I believe I've encountered a problem with either Solomonoff induction or my understanding of Solomonoff induction. I can't post about it in Discussion, as I have less than 20 karma, and the stupid questions thread is very full (I'm not even sure if it would belong there).

I've read about SI repeatedly over the last year or so, and I think I have a fairly good understanding of it. Good enough to at least follow along with informal reasoning about it, at least. Recently I was reading Rathmanner and Hutter's paper, and Legg's paper, due to renewed interest in AIXI as the theoretical "best intelligence," and the Arcade Learning Environment used to test the computable Monte Carlo AIXI approximation. Then this problem came to me.

Solomonoff Induction uses the size of the description of the smallest Turing machine to output a given bitstring. I saw this as a problem. Say AIXI was reasoning about a fair coin. It would guess before each flip whether it would come up heads or tails. Because Turing machines are deterministic, AIXI cannot make hypotheses involving randomness. To model the fair coin, AIXI would come up with increasingly convoluted Turing machines, attempting to compress a bitstring that approaches Kolmogorov randomness as its length approaches infinity. Meanwhile, AIXI would be punished and rewarded randomly. This is not a satisfactory conclusion for a theoretical "best intelligence." So is the italicized statement a valid issue? An AI that can't delay reasoning about a problem by at least labeling it "sufficiently random, solve later" doesn't seem like a good AI, particularly in the real world where chance plays a significant part.

Naturally, Eliezer has already thought of this, and wrote about it in Occam's Razor:

The formalism of Solomonoff Induction measures the "complexity of a description" by the length of the shortest computer program which produces that description as an output. To talk about the "shortest computer program" that does something, you need to specify a space of computer programs, which requires a language and interpreter. Solomonoff Induction uses Turing machines, or rather, bitstrings that specify Turing machines. What if you don't like Turing machines? Then there's only a constant complexity penalty to design your own Universal Turing Machine that interprets whatever code you give it in whatever programming language you like. Different inductive formalisms are penalized by a worst-case constant factor relative to each other, corresponding to the size of a universal interpreter for that formalism.

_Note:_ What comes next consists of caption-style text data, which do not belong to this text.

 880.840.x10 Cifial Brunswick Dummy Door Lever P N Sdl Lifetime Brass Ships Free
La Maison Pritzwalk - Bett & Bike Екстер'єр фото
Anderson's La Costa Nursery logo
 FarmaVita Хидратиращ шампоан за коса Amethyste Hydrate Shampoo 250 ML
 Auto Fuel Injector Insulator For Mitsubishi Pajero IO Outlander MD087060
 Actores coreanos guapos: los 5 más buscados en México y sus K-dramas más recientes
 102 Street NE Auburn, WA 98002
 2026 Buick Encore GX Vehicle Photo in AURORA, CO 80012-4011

In the better (IMHO) versions of Solomonoff Induction, the computer program does not produce a deterministic prediction, but assigns probabilities to strings. For example, we could write a program to explain a fair coin by writing a program that assigns equal probabilities to all 2^N strings of length N. This is Solomonoff Induction's approach to fitting the observed data. The higher the probability a program assigns to the observed data, the better that program fits the data. And probabilities must sum to 1, so for a program to better "fit" one possibility, it must steal probability mass from some other possibility which will then "fit" much more poorly. There is no superfair coin that assigns 100% probability to heads and 100% probability to tails.

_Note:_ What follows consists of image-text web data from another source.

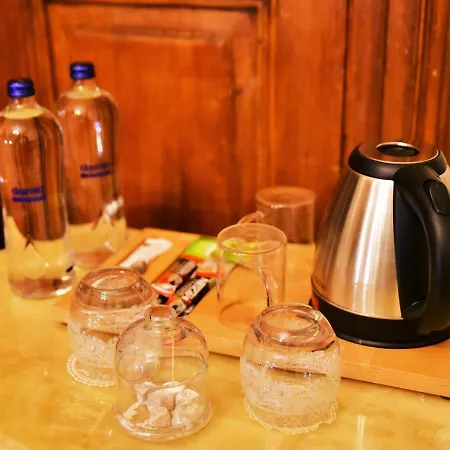 Ottoman By Sera House Nocleg ze śniadaniem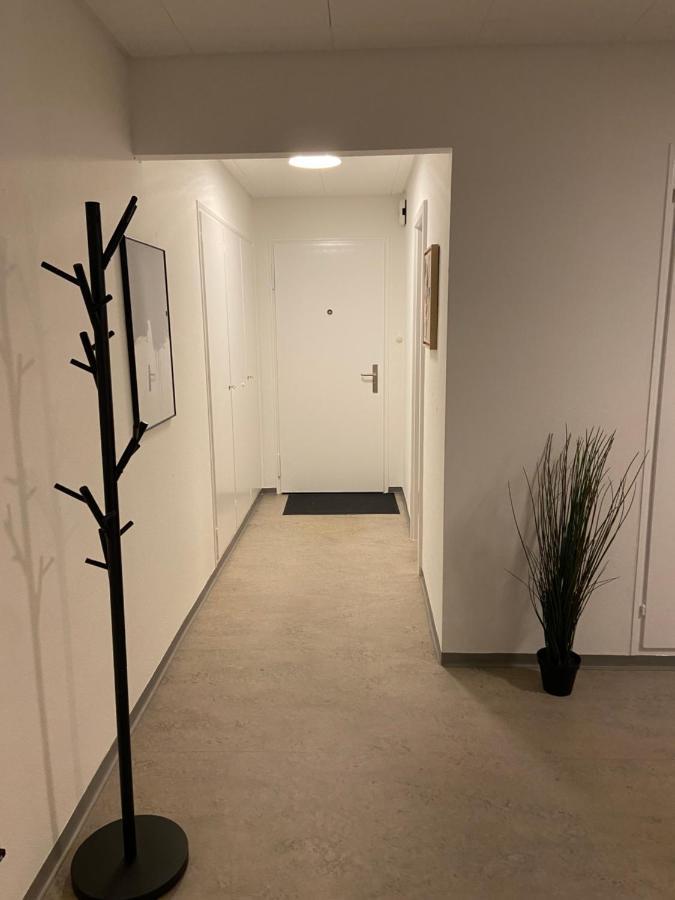 Comfort 1 And 2Bdr Apartment Close To Zurich Airport Esterno foto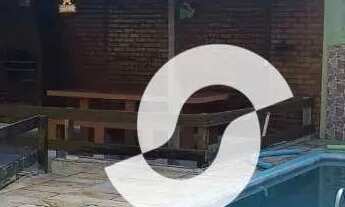 Imagem: Casa com 4 dormitórios à venda, 300 m²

Does this warrant further discussion, if at least to validate or refute this claim? I don't think Eliezer's proposal for a version of SI that assigns probabilities to strings is strong enough, it doesn't describe what form the hypotheses would take. Would hypotheses in this new description be universal nondeterministic Turing machines, with the aforementioned probability distribution summed over the nondeterministic outputs?